What you should do » Set down, exactly as written, the lines from the line holding "Flaklock Almeco Ford Ranger Raptor 2023+" to the end of the data, inclusive, skipping any pictures.

Extracted data »
----

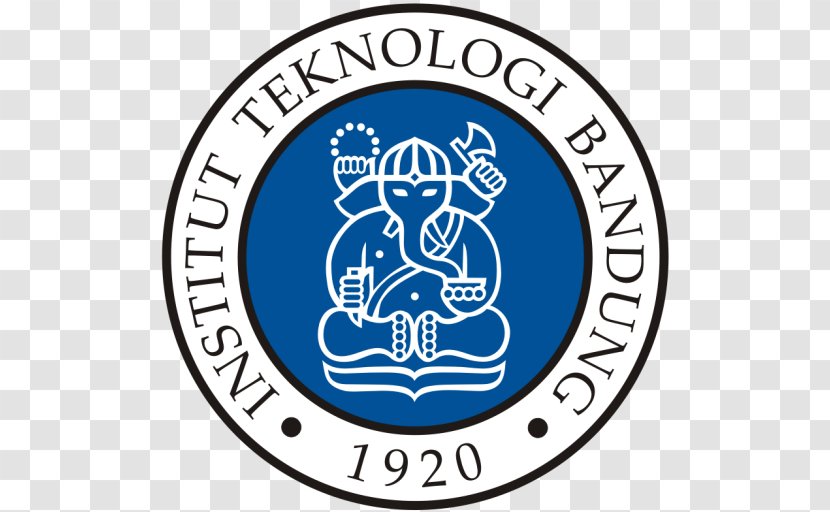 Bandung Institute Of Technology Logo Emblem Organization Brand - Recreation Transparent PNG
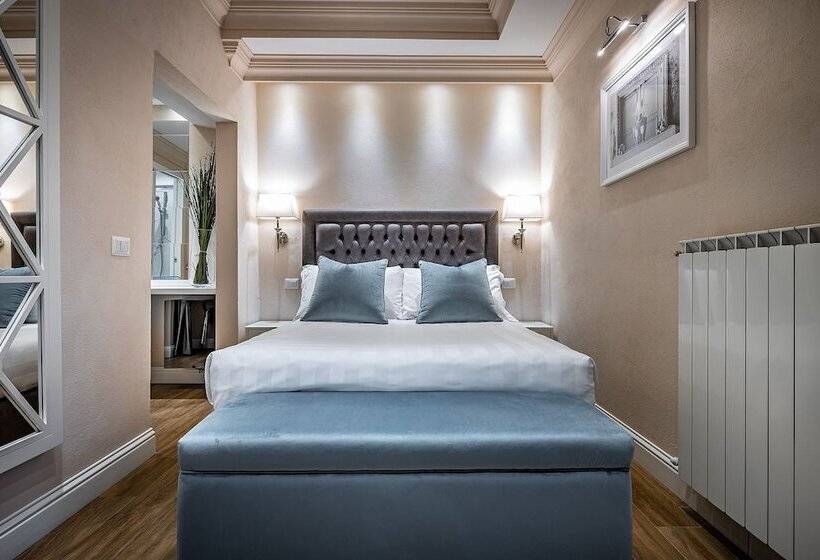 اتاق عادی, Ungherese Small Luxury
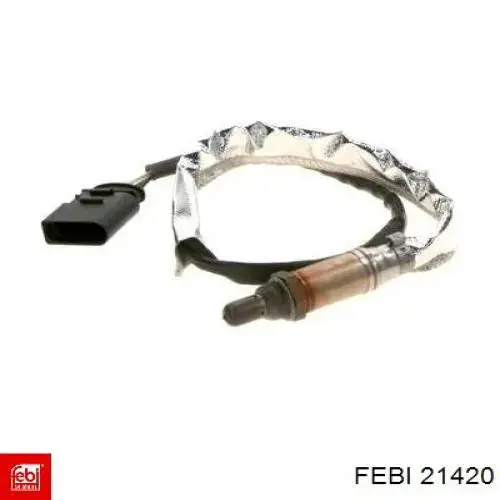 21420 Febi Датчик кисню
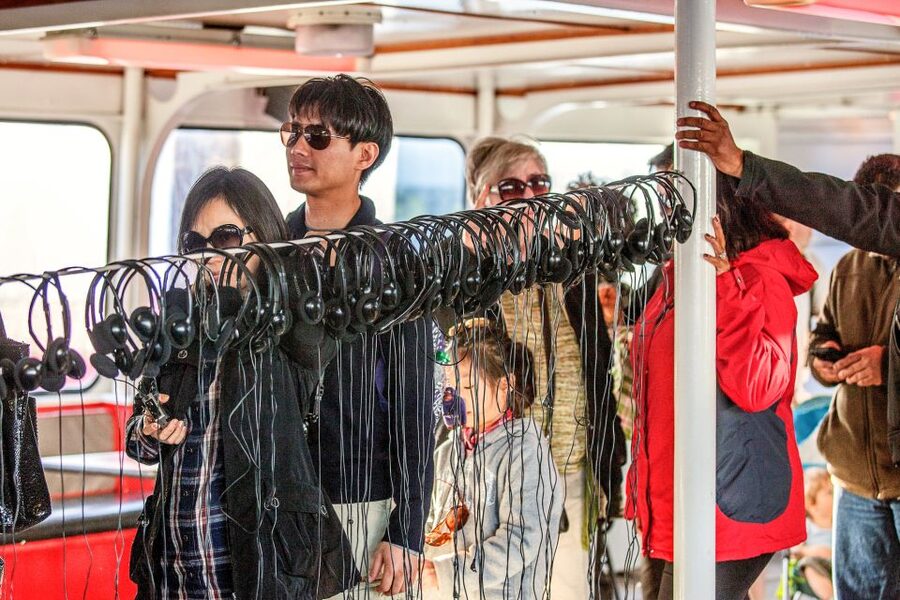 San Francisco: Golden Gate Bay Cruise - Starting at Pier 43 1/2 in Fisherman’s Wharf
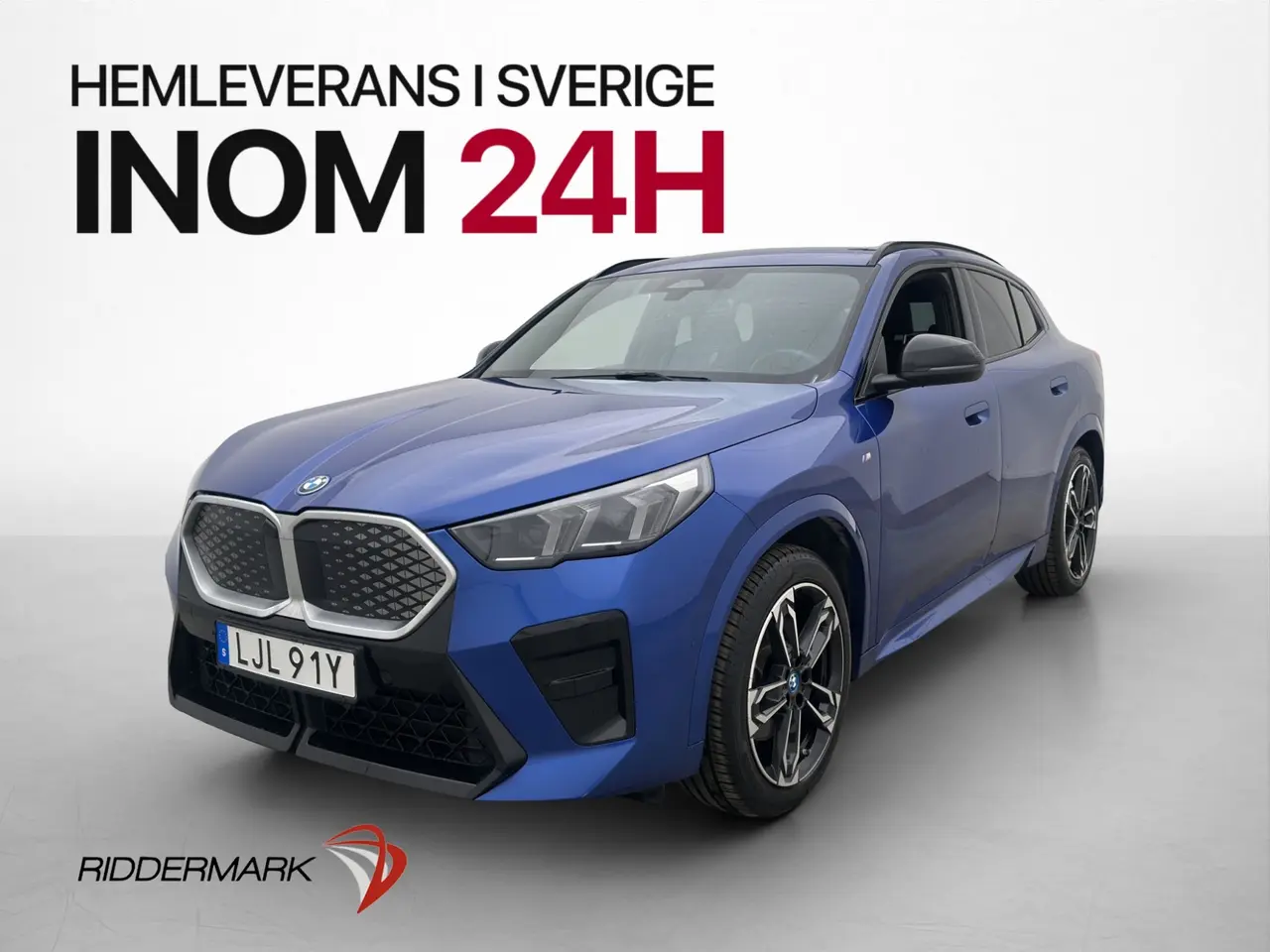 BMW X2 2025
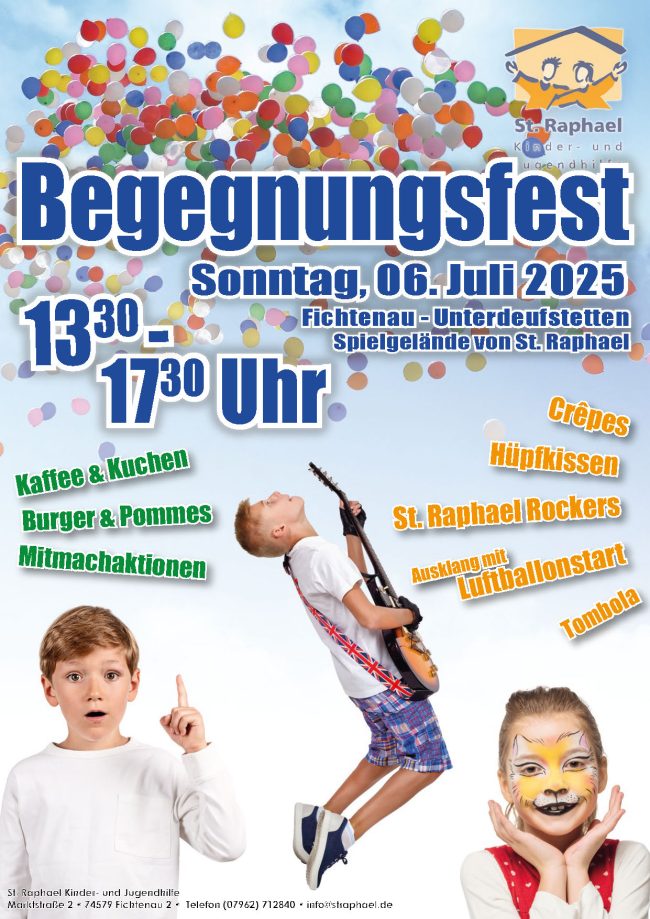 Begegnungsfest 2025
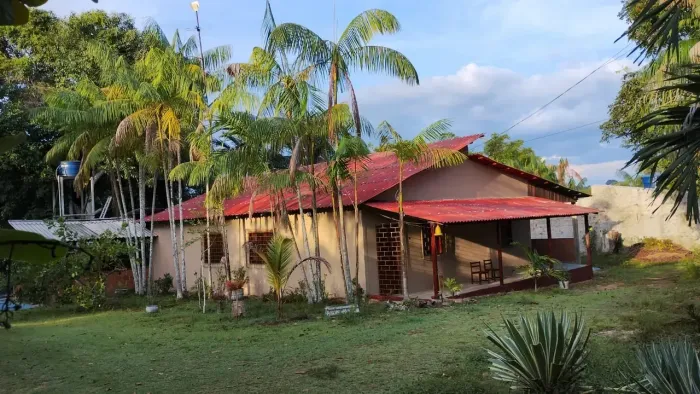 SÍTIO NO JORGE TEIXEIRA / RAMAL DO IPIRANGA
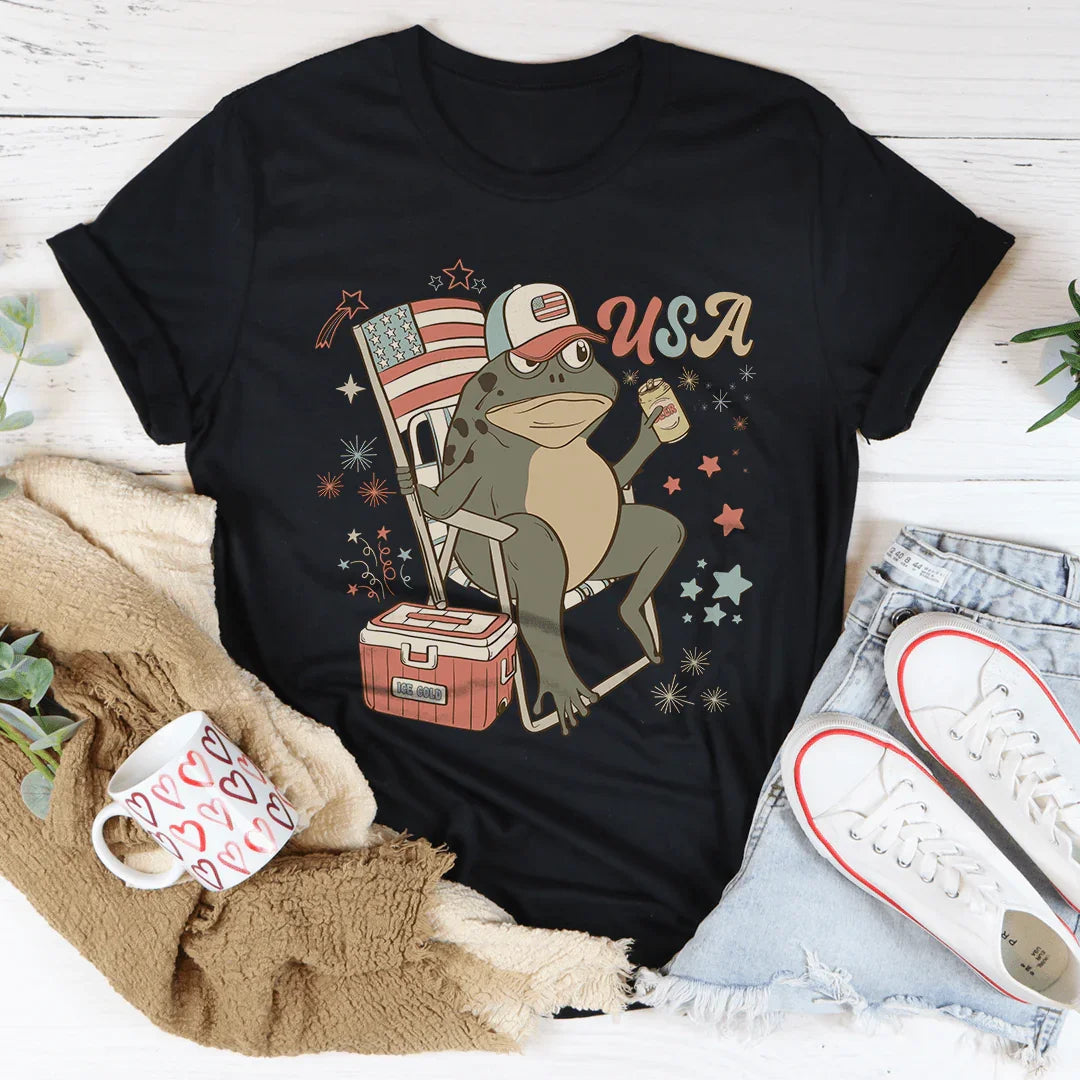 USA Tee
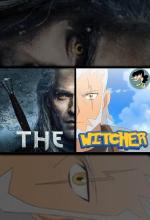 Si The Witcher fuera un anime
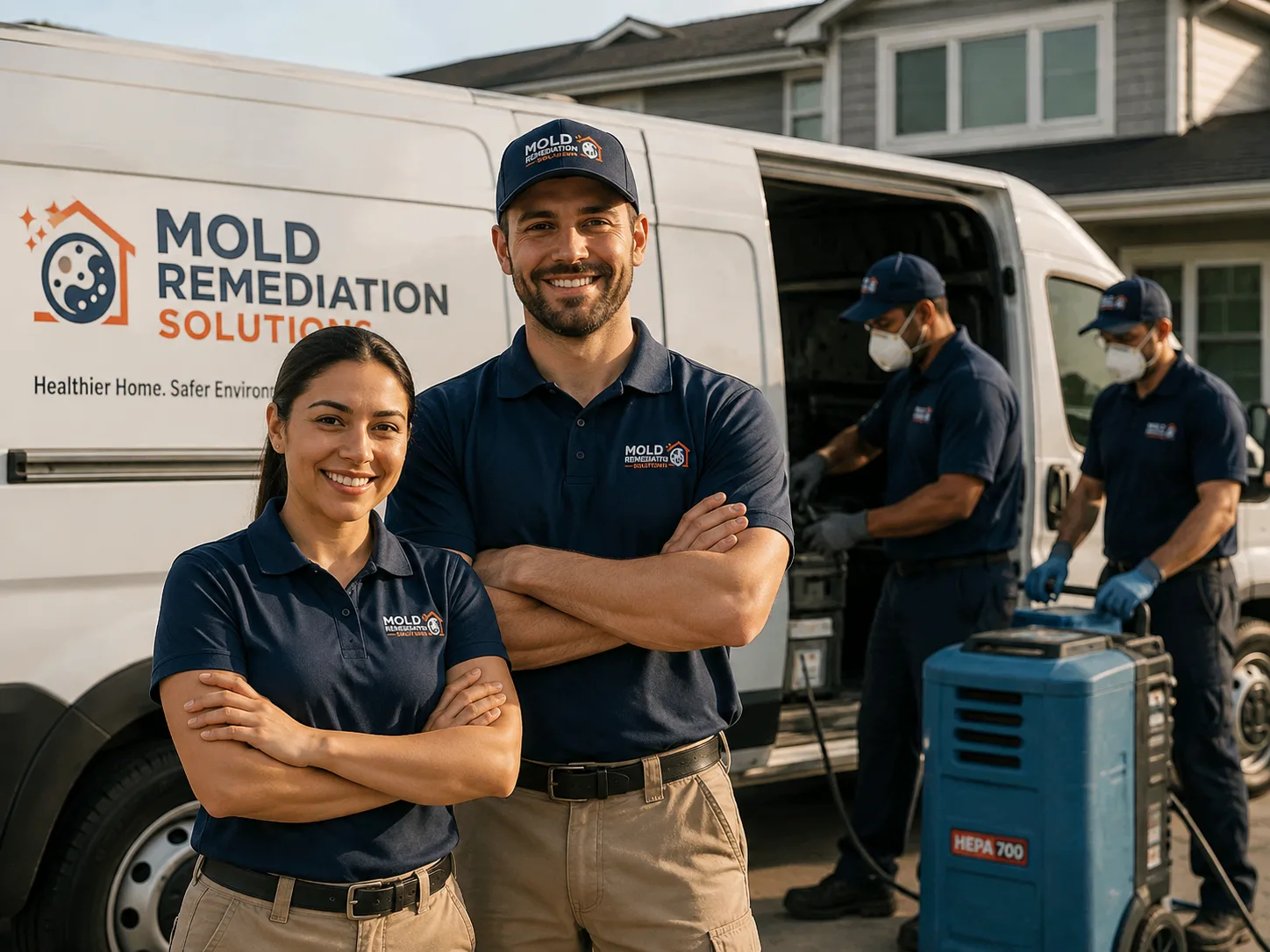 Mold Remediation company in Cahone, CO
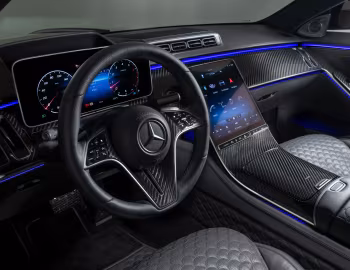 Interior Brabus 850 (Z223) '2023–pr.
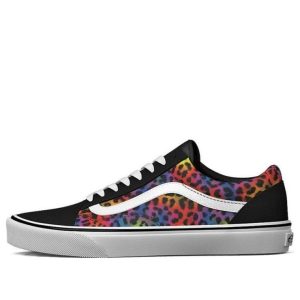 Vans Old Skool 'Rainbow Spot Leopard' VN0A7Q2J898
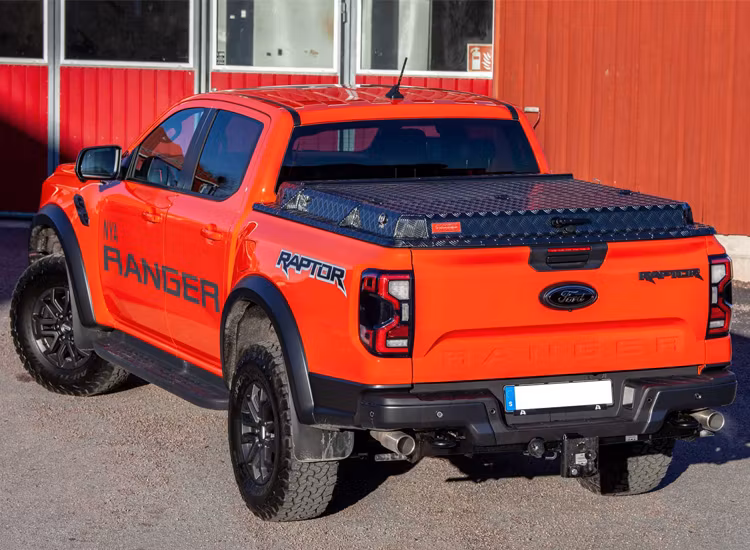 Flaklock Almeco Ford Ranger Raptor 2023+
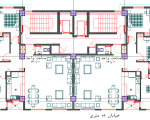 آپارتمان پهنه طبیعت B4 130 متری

----

Answer to this exercise »
 Flaklock Almeco Ford Ranger Raptor 2023+
 آپارتمان پهنه طبیعت B4 130 متری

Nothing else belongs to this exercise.